Betty and Stan are Family
I like having them with me because, well, because they’re family.
They don’t haunt my dreams. I wish they would. We could talk. Not too much talk. Because they irritate me. Especially my Mother. My Brother not so much. He mainly just asked for money and cigarettes. When he died, dozens, maybe over a hundred people mourned. They wept for him.
All of them, the residents of The Group Home. They loved him.
My Mother was not so loved. She irritated people. But she was the kind that was hurt more than she hurt. Few people saw her worth. Old Anubis weighed her heart. Not long after he weighed Stan’s.
He found their hearts light as a feather.
Old Thoth roams my dock
Hermes is his equivalent in Greek Mythology. I like the Egyptian model. He was the god of the moon, wisdom, knowledge, writing, hieroglyphs, science, magic, art and judgment. All things noble and shimmering Light. I like Thoth because he has the head of an Ibis.
His form appeals to me.
Mainly because he roams my dock.
He flutters down onto the dock in the cool evening like a great butterfly. He stands at my bow. Gazing at the water. The dock is his Ghost Town.
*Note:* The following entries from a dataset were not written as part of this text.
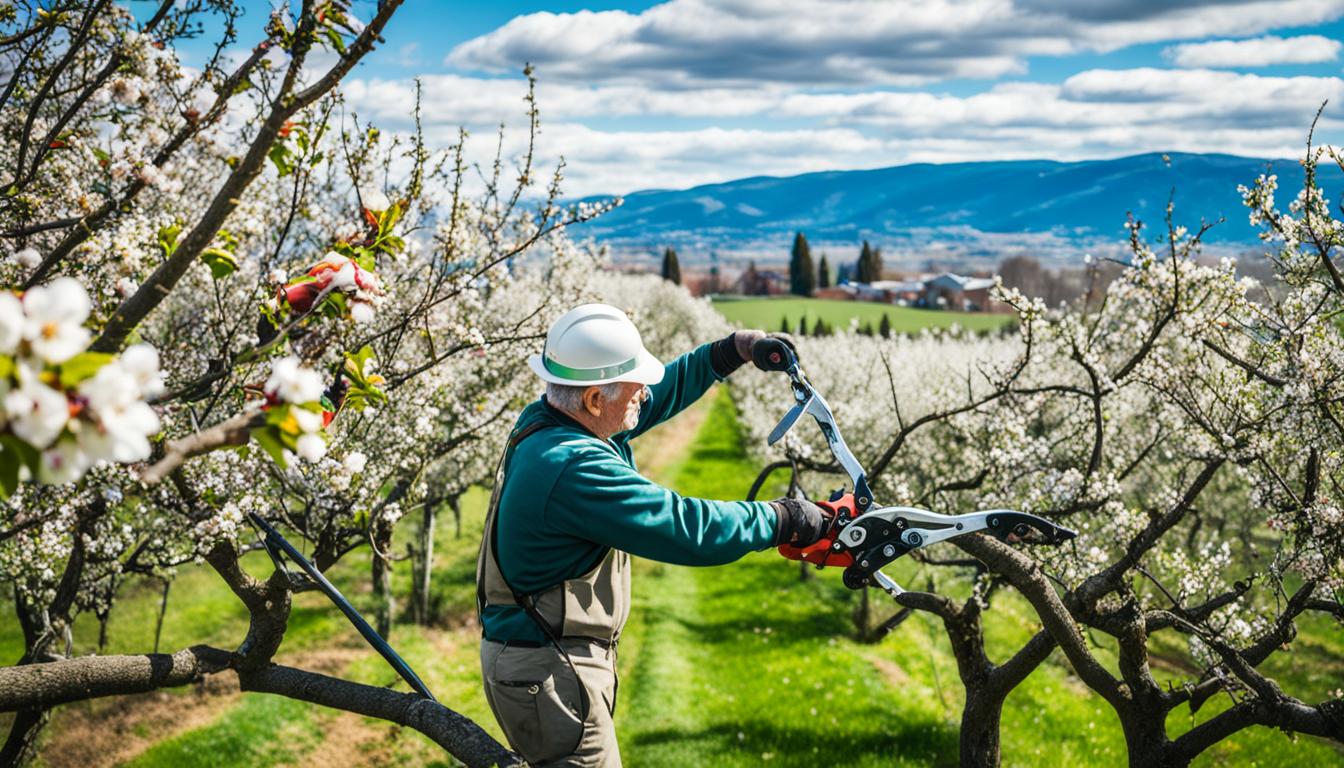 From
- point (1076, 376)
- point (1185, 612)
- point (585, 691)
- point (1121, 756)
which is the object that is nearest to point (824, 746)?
point (1121, 756)

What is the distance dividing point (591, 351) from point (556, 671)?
1.50 m

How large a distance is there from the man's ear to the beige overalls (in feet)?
1.01

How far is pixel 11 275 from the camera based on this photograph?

He knows I safeguard the ashes.
The point of it all is so simple.
We’re all just waiting around
Nothing will happen in a storm.
It’ll be cool and quiet. Like a still room on a summer’s day.
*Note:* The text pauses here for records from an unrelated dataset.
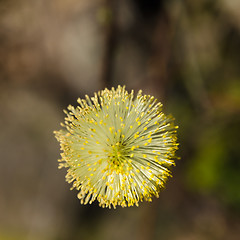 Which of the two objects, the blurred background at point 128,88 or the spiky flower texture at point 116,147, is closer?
the spiky flower texture at point 116,147

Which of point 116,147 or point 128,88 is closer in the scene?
point 116,147

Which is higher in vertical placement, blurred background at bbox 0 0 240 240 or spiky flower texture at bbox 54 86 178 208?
blurred background at bbox 0 0 240 240

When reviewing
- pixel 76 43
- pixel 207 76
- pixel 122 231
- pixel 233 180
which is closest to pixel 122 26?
pixel 76 43

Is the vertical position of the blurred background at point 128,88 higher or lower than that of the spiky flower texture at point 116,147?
higher

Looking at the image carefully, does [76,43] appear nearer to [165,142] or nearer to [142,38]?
[142,38]

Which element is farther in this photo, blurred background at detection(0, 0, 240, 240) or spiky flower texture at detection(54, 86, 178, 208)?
blurred background at detection(0, 0, 240, 240) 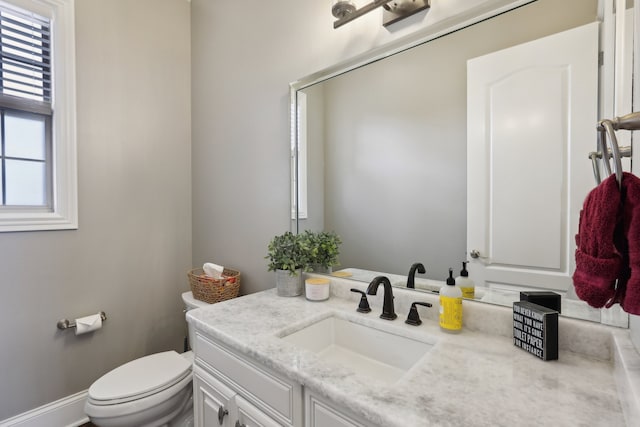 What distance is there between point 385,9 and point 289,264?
44.8 inches

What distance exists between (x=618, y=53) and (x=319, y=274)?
4.19 ft

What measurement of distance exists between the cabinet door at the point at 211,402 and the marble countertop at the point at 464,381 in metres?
0.19

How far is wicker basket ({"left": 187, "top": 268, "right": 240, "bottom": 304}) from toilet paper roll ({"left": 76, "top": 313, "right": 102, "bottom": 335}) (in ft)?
1.87

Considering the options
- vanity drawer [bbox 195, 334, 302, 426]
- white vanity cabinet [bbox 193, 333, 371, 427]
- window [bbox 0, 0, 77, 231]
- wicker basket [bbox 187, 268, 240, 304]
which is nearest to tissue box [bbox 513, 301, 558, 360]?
white vanity cabinet [bbox 193, 333, 371, 427]

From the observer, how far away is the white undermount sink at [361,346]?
38.5 inches

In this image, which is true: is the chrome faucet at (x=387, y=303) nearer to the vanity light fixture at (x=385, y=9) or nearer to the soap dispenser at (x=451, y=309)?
the soap dispenser at (x=451, y=309)

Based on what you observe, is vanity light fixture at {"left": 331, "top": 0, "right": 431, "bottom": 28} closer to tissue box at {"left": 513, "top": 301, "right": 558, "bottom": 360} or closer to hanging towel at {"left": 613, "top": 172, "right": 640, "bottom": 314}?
hanging towel at {"left": 613, "top": 172, "right": 640, "bottom": 314}

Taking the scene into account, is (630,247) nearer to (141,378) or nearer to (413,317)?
(413,317)

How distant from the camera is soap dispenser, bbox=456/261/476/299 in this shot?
40.6 inches

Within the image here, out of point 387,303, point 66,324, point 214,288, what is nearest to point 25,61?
point 66,324

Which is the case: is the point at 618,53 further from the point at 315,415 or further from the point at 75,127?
the point at 75,127

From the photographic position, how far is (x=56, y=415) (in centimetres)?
166

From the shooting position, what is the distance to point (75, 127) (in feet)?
5.74

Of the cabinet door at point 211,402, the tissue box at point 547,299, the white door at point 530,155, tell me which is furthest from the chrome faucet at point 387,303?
the cabinet door at point 211,402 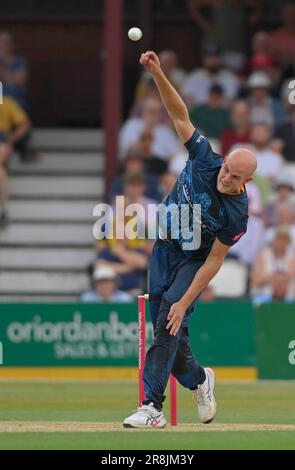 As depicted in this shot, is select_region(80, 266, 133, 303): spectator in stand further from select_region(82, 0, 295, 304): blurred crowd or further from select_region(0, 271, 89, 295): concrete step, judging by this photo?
select_region(0, 271, 89, 295): concrete step

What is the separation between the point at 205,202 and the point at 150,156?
9.01m

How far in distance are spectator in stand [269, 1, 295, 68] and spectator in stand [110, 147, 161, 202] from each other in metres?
2.71

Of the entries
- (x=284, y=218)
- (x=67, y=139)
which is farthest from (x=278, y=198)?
(x=67, y=139)

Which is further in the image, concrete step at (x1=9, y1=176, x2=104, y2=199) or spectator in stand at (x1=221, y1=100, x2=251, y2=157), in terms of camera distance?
concrete step at (x1=9, y1=176, x2=104, y2=199)

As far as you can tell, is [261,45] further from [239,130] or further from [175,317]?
[175,317]

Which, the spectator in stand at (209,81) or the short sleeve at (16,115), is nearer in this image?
the short sleeve at (16,115)

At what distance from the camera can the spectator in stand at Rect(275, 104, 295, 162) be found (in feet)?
60.5

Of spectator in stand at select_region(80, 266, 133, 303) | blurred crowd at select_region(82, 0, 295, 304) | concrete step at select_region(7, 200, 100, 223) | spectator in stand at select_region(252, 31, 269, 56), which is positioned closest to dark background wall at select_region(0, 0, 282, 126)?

All that matters is the weight of a feather.
Those Egyptians had it all worked out.
It’ll be just a little while longer.
My heart?
It’ll be weighed.
It just seems perfectly right to me.
3 thoughts on “Light As A Feather”
I liked this.I was at least able to know your mother a little and also Stan. I think you did the best you could with both. Jenna reminds me of your. mother I’m not entirely sure why.I have a picture of your mother when she was young and Jenna looks quite a bit like her,but it’s something more than resembling her . I think your mother had a very child like persona that followed her well into old age . she was kind of enveloped in this ethereal kind of bubble.
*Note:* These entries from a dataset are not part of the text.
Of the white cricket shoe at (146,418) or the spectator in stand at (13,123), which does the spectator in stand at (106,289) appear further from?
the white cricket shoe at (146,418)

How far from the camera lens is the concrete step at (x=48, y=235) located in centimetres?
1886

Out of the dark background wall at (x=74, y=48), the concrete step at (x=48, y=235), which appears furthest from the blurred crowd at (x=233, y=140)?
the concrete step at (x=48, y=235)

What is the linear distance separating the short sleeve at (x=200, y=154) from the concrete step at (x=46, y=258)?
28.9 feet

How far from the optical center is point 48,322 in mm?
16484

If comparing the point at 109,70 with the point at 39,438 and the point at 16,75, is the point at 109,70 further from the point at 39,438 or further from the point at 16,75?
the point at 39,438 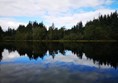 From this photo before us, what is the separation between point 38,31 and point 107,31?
187 feet

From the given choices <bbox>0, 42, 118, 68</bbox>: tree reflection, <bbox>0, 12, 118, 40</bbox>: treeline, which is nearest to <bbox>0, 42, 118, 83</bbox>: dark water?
<bbox>0, 42, 118, 68</bbox>: tree reflection

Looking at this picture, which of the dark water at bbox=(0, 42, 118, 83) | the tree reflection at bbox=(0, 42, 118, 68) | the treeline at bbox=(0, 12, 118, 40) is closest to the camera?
the dark water at bbox=(0, 42, 118, 83)

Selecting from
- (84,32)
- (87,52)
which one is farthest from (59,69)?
(84,32)

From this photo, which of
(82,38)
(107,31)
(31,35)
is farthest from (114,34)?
(31,35)

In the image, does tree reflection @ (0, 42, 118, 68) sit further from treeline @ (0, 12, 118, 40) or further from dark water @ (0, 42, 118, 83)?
treeline @ (0, 12, 118, 40)

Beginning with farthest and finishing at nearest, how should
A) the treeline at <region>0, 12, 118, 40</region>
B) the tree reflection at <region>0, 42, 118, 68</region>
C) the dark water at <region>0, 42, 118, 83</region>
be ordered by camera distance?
the treeline at <region>0, 12, 118, 40</region>
the tree reflection at <region>0, 42, 118, 68</region>
the dark water at <region>0, 42, 118, 83</region>

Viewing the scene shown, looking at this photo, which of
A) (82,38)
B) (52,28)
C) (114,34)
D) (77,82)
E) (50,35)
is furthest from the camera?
(52,28)

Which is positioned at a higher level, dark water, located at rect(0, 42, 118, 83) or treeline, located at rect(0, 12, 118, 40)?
treeline, located at rect(0, 12, 118, 40)

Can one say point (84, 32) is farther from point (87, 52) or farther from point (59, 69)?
point (59, 69)

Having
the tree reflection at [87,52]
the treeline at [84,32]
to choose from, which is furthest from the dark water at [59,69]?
the treeline at [84,32]

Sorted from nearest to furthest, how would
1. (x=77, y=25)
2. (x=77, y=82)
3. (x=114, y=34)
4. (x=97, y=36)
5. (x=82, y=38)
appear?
(x=77, y=82) → (x=114, y=34) → (x=97, y=36) → (x=82, y=38) → (x=77, y=25)

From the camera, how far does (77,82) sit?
14188 mm

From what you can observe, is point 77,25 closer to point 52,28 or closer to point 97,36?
point 52,28

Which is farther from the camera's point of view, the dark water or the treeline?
the treeline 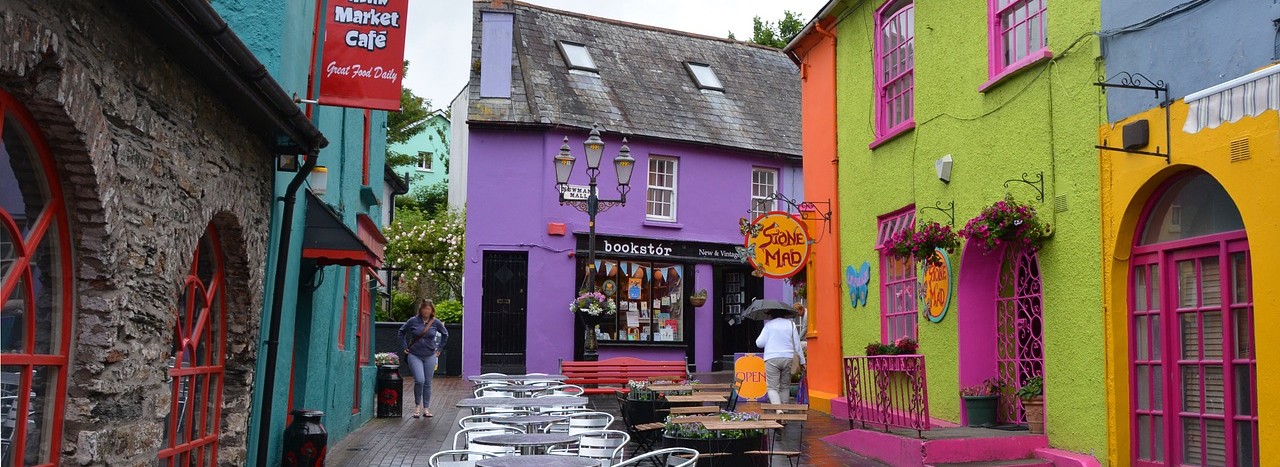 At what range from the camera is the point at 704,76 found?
27688 mm

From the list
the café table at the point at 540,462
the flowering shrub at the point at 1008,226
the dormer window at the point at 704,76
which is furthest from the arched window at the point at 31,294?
the dormer window at the point at 704,76

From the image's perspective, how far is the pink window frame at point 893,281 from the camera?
13.3m

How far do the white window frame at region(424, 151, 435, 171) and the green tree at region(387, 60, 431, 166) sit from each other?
2564mm

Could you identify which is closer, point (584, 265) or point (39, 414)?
point (39, 414)

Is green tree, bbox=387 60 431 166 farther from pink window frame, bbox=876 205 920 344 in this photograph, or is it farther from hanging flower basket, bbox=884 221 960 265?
hanging flower basket, bbox=884 221 960 265

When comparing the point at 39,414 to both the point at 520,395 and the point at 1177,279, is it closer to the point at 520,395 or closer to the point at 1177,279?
the point at 1177,279

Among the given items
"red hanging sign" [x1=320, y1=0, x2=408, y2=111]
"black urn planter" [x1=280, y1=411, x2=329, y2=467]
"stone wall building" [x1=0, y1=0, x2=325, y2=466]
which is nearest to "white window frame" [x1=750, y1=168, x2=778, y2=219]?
"black urn planter" [x1=280, y1=411, x2=329, y2=467]

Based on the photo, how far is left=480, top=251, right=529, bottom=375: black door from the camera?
904 inches

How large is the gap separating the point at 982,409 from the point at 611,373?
31.3 ft

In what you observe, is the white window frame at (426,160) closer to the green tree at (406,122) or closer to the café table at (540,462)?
the green tree at (406,122)

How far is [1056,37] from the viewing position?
9.89 metres

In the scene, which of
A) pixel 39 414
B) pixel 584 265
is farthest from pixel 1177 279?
pixel 584 265

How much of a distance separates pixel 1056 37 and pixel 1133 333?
2701 mm

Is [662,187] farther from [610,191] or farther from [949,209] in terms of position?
[949,209]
You got that right Kim , mom was very “child like”😉
Thanks again Don for keeping Mom and Stan’s ashes. The Ibis bird 🦢 is beautiful.💛
I really liked your mom. she was always kind and welcoming to me. When I first came to her about Jenna she was so protective of Don, it was kinda funny,. she wanted to make sure I wasn’t some kinda bill collecting agency . This was when I called her on the phone asking if I could meet with her. when my friend and I actually met with her in person she was so nice.I had brought along a photo of Jenna when she was about 5 years old,she very quickly got up and came back with a school picture of Don at the same age ,their faces were identical just the hair was different. She seemed happy about that, but she still wasn’t giving any info out till she spoke with Don.